Go to the line containing "Fresco glossy ceramic" below; retype it and all following lines exactly, and leave out the pictures.

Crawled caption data

*-*-*

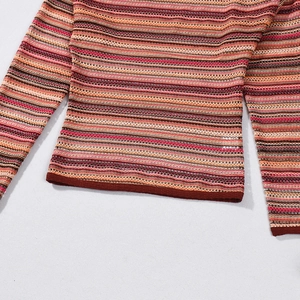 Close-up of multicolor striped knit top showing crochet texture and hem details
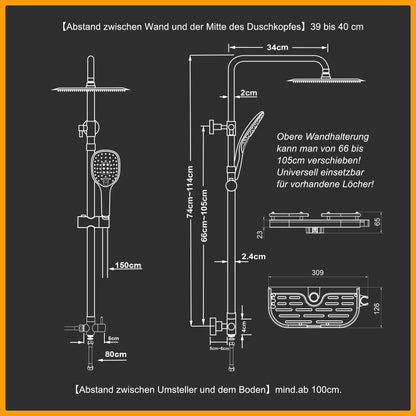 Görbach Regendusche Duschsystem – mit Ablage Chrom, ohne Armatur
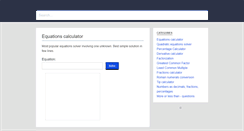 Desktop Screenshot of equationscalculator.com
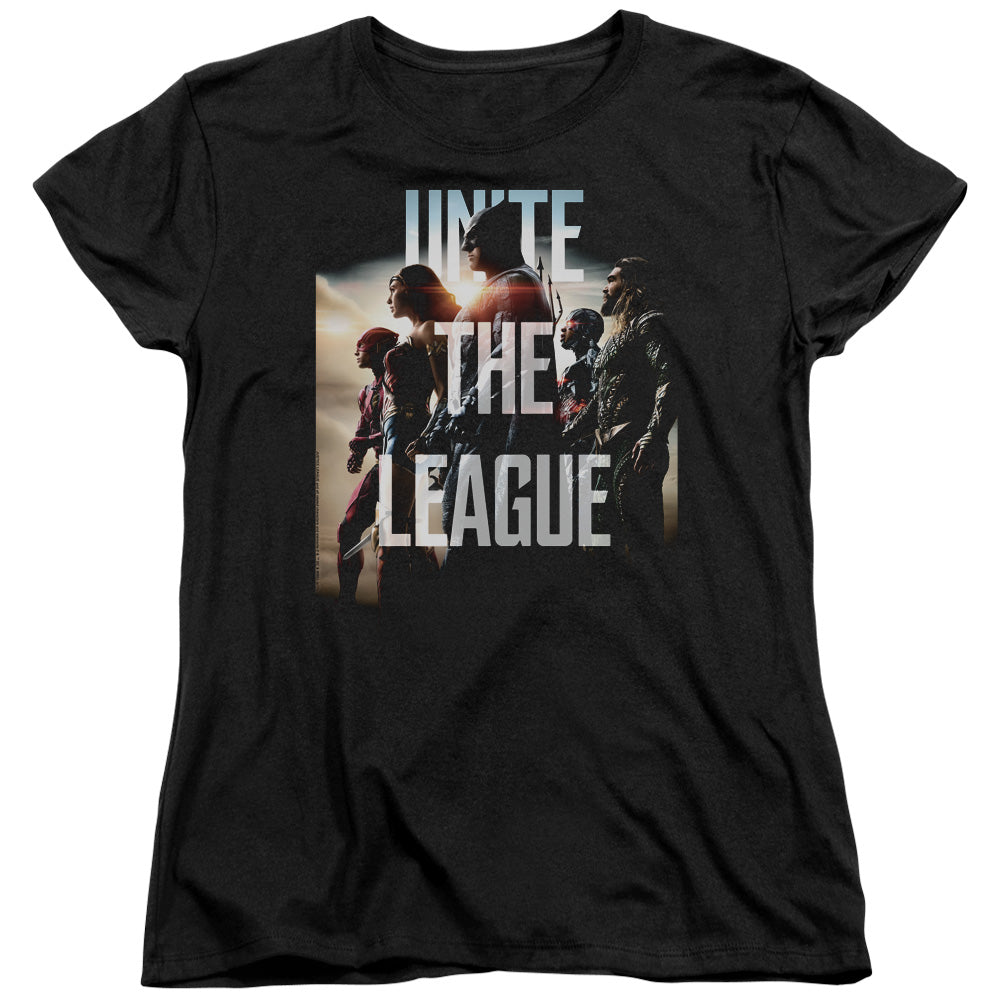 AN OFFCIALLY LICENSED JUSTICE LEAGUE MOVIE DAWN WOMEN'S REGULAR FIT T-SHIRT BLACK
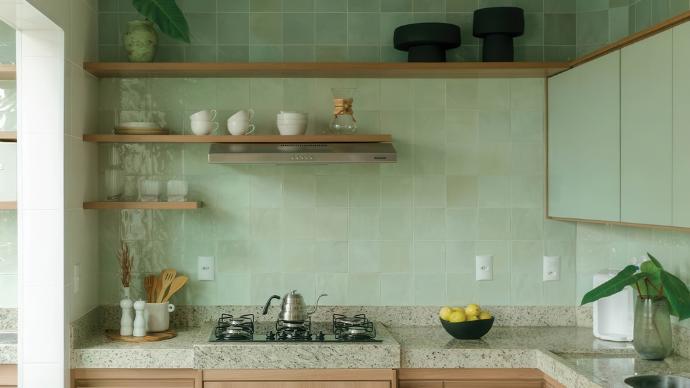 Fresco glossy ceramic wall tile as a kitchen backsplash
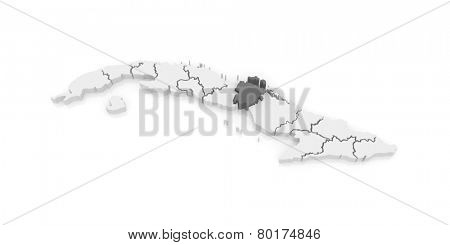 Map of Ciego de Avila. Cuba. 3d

*-*-*

Output for this task |
 Fresco glossy ceramic wall tile as a kitchen backsplash
 Map of Ciego de Avila. Cuba. 3d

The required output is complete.